Using the entries that follow, transcribe only the lines from the line with "Quần ống loe" to the line with "Urban Tech women’s", both included, exactly as they stand and without pictures.

---------- Task inputs

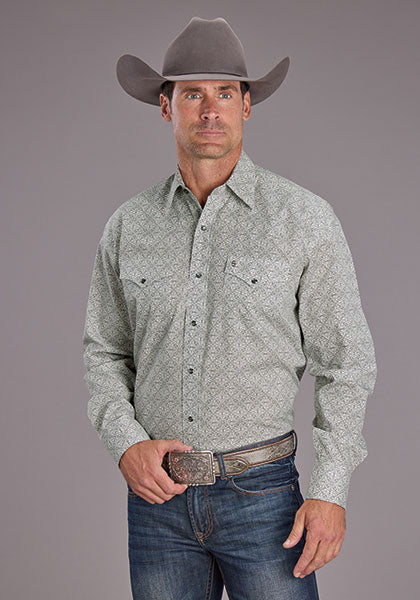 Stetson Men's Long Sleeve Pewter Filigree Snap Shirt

--------------------
---------- Task inputs

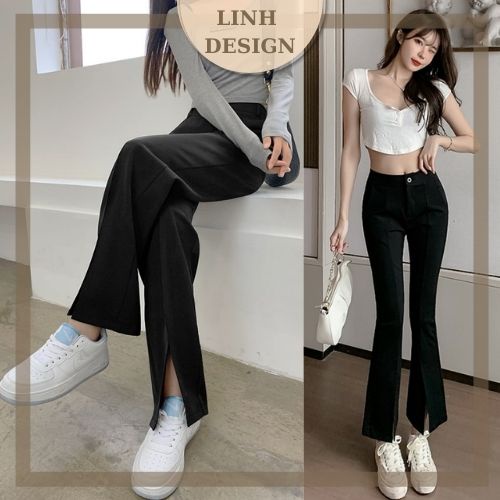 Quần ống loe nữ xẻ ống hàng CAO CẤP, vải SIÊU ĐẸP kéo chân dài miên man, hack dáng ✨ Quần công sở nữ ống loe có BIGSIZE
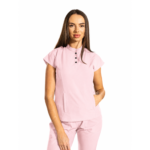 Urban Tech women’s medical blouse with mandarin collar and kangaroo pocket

--------------------

_Task output_
 Quần ống loe nữ xẻ ống hàng CAO CẤP, vải SIÊU ĐẸP kéo chân dài miên man, hack dáng ✨ Quần công sở nữ ống loe có BIGSIZE
 Urban Tech women’s medical blouse with mandarin collar and kangaroo pocket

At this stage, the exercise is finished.